In its measure of consumer confidence, often used as an indicator of Americans' willingness to part with their disposable income, the board reported a second consecutive month of improvement. The Consumer Confidence Index stood at 76.2 for May, up from 69.0 in April (1985 equals a confidence index of 100).
"Consumer confidence posted another gain last month and is now at a five-year high," said Lynn Franco, director of economic indicators at The Conference Board. "Consumers' assessment of current business and labor market conditions was more positive, and they were considerably more upbeat about future economic and job prospects."
Franco said back-to-back months of improving confidence might indicate that consumers think the economy is on the mend and poised to overcome the traction lost due to the fiscal cliff, payroll tax hike and the sequester.

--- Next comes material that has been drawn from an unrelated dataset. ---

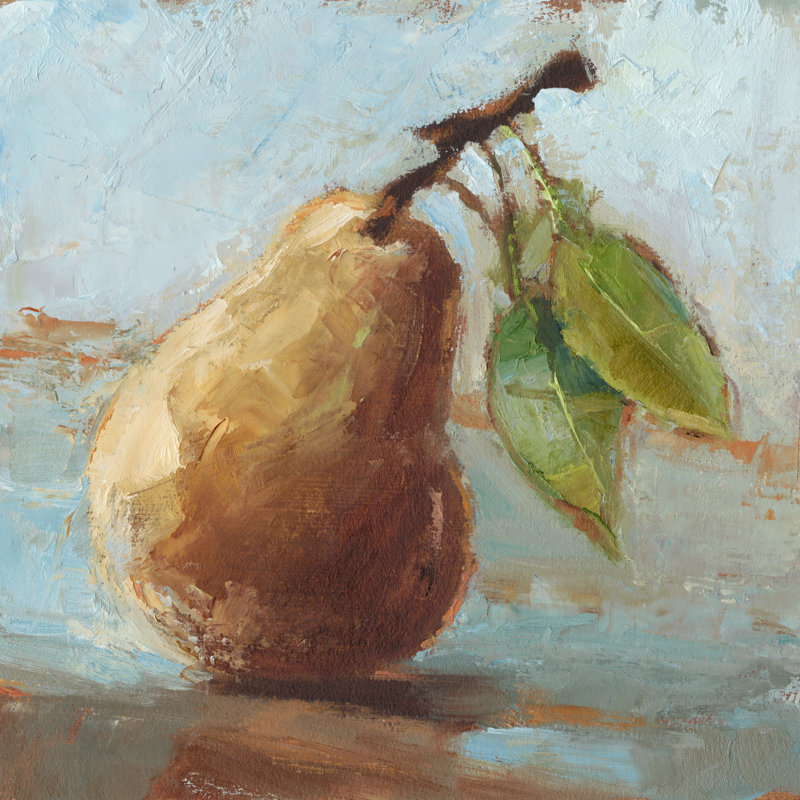 Impressionist Fruit Study II par Ethan Harper - reproduction d'art sur toile tendue, H 12 po x l 12 po x P 1,25 po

The markets took a sharp tumble last Thursday in reaction to news that the Federal Reserve might begin tapering off its aggressive bond buying strategy. Comments from Fed chair Ben Bernanke gave a clear indication that "quantitative easing" may have run its course, and non-agricultural commodities fell sharply, along with the broader range of financial instruments.
Prior to the Federal Open Markets Committee meeting, however, business leaders were feeling much more optimistic about the general state of business. A late-May survey conducted by GE Capital found that the chief financial officers of mid-sized U.S. food, beverage and agribusiness firms were confident about growth in the sector and were beginning to hire additional workers.
Of the CFOs surveyed, 64% predicted stable growth — a 7% increase from the previous survey conducted in the third quarter of 2012 — and 22% said they expect the industry to expand.
Even more telling, 40% of CFOs said they plan to increase capital expenditures in 2013, an increase of eight percentage points. Also, 83% said their firms hired new staff this year, up from 65%, and 60% indicated further plans to hire in the second half of the year.
"As CFOs seek to improve operational efficiency and maintain a high standard of food safety, we're seeing many middle-market companies take on improvement projects," said Chris Nay, senior managing director of food and beverage at GE Capital. "Lenders are well-positioned to provide business-building capital as food and beverage companies turn their attention back to investing in growth."
GE said 63% of CFOs expect revenues to increase this year compared with last year, and 69% expect profits to remain steady or increase.
Outside the food and agriculture sector, executives who are used to some measure of pessimism in recent years appeared to be more confident.
According to The Conference Board, CEO confidence improved for a second straight quarter at a reading of 54 during the first quarter of 2013, up from 46 in the prior quarter (a measure greater than 50 indicates more positive than negative responses).
"CEO confidence improved again but still remains rather weak," Franco explained. "However, expectations are that conditions will modestly improve in most markets, with the exception of Europe, where the outlook for the next six months remains pessimistic."
As market reaction to last week's Federal Open Markets Committee meeting indicated, there are still plenty of pitfalls en route to an overall sense that the economy has successfully returned from the brink. The Federal Reserve Bank of Chicago reported that economic growth in its five-state region had, in fact, slowed in April, and CFOs surveyed by GE indicated that costs continue to increase.
So, while consumers and business leaders feel better about the state of affairs today than they did a year ago, the watch phrase for the economy remains "cautious optimism."